Even though I don’t always feel like it, I jump at the chance to be intimate. Love is about the other person, not yourself. Sex should not be an obligation, but a fulfillment of the promise made by a husband and a wife. — Bring It On
Dear Bring: We wish more women would emulate your attitude, although we know it can be difficult. And too many women wrote to insist that having sex when you aren’t in the mood is akin to rape. It is NOT. Read on for more:
From California: I was outraged by your answer to “Sick of It.” I have a husband 12 years my senior with heart and impotency problems. That did not stop him from wanting to play with all the bells and whistles, push all the buttons and then say, “Oops, that’s all.” Meanwhile, I was hot and bothered with no relief. Finally, I made him understand that all that groping was not welcome. True intimacy at our age comes from love and tenderness. Now we cuddle. He is sad that sex has disappeared, but love is full of compromises.

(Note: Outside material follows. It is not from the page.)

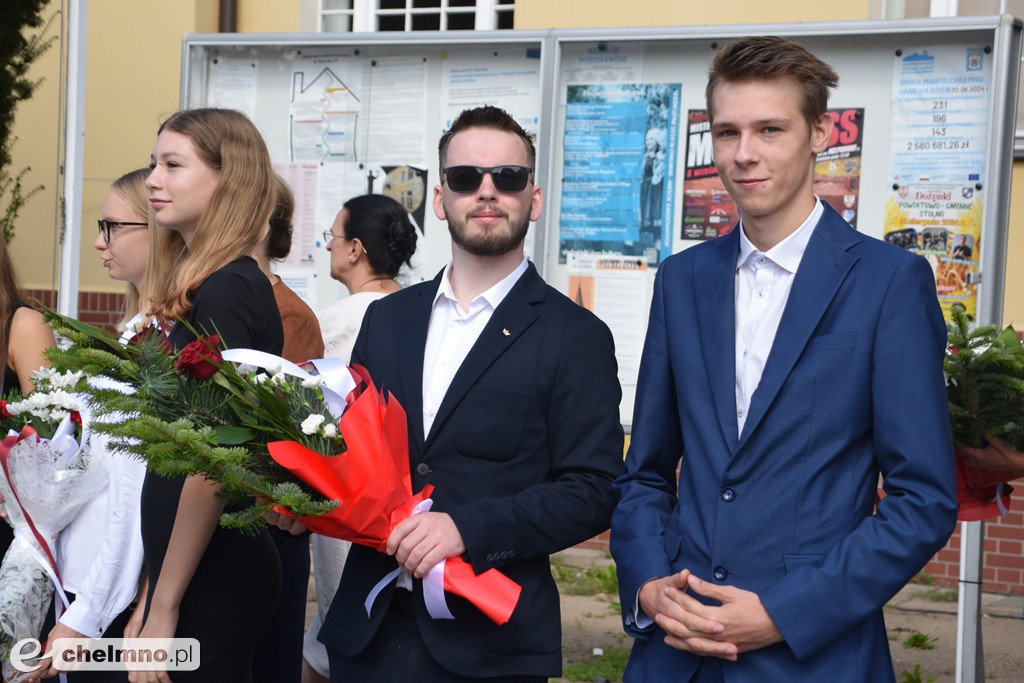 Delegacje złożyły wiązanki kwiatów przy Grobie Nieznanego Żołnierza w Chełmnie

Florida: A lot of women think the lack of sex in their marriage is perfectly fine. They decide they don’t need it anymore, so their husbands don’t need it, either. I wonder how many of those women would like to have their husbands visiting prostitutes, watching porn or having affairs. Intimacy is part of marriage, and if they aren’t willing to participate, they shouldn’t get upset when the husband finds someone else.
Kentucky: I don’t get why a man insists on continuing to attempt something his body is clearly no longer up to. He gets embarrassed and frustrated. I get groped and bored. I want him to stop pestering me.
Tennessee: Historically, women were not destined to live into old age. We would have died in childbirth at some point, and our husbands would have found younger wives.